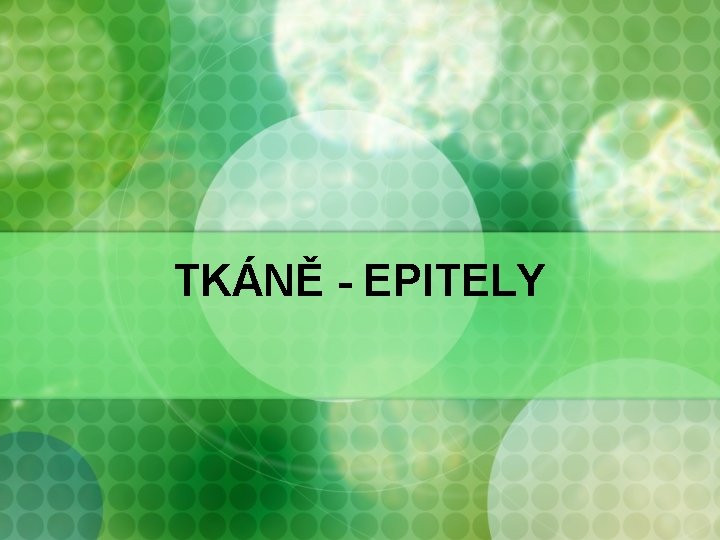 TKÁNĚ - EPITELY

...

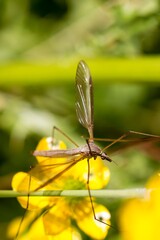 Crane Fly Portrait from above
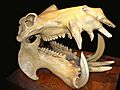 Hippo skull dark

---

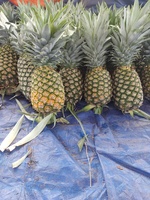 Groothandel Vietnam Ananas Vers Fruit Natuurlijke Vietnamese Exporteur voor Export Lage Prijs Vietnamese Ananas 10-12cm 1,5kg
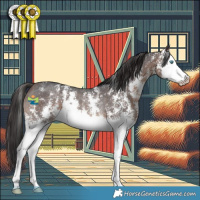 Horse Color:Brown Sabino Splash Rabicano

== How to complete this task ==
All that should appear in the answer is the lines above from the line with "Groothandel Vietnam Ananas" through the line with "Horse Color:Brown Sabino Splash Rabicano", retyped exactly, pictures left out.

== Task output ==
 Groothandel Vietnam Ananas Vers Fruit Natuurlijke Vietnamese Exporteur voor Export Lage Prijs Vietnamese Ananas 10-12cm 1,5kg
 Horse Color:Brown Sabino Splash Rabicano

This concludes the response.